While SACODEYL might not be the most transparent project title, it has the significant benefit of being free to access and providing online guidance on how to use it.

Corpus Search

Visit the four websites below and consider which you might find most useful for your teaching, research or studies:

http://corpus.byu.edu/bnc/

http://sacodeyl.inf.um.es/sacodeyl-search2/

http://www.uclouvain.be/en-cecl-icle.html

http://www.univie.ac.at/voice/

What can we do with a corpus?

Questions corpora can answer – quantitative analysis

Though corpus linguistics has come to be seen as a domain of applied linguistics in its own right, it will be useful for our purposes to view it also as a methodology through which various domains of applied linguistics can be investigated, e.g. grammar, lexis, discourse, pragmatics, SLA (second language acquisition). Corpora are most often associated with quantitative research as frequency information can be generated with striking ease. The most basic kinds of frequency question we can ask are:

What are the most frequent words in our corpus, i.e. rank order?
How many instances of a given word are there in the corpus, i.e. raw frequency?
What percentage of the total number of tokens in the corpus does the raw frequency represent, i.e. relative frequency?
What are the most frequent collocations of a given word in our corpus?
What are the most frequent phrases of a given length (e.g. 2-word phrases, 3-word phrases, 4-word phrases and so on)?
What are the most frequent grammatical structures in our corpus?
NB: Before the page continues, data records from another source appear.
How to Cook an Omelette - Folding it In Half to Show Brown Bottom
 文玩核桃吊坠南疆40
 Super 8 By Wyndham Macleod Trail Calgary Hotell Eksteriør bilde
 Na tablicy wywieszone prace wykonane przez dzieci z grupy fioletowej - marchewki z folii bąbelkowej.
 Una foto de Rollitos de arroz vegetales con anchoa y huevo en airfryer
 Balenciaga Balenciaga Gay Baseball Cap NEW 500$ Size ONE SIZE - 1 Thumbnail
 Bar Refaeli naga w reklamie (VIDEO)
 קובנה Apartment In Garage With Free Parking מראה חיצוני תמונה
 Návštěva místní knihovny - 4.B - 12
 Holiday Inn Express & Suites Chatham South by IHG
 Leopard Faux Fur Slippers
Each of these questions may be applied with a more specific focus, but we will take word frequency as an example:

What are the most frequent words used in a given component of the corpus, e.g. academic or business or technical English?
What are the most frequent words used by a particular demographic group of people, e.g. women, people under 30, people of a given social class or from a given region?
What are the most frequent words used in a particular kind of text, e.g. scientific articles?
What are the most frequent words in a given genre, e.g. self-descriptions on internet dating sites?

These questions do not exhaust the possibilities, but give some idea of the range of questions which can be asked of a corpus. It is crucial to note, however, that the kind of question which can be investigated depends on the composition of the corpus and the information wh...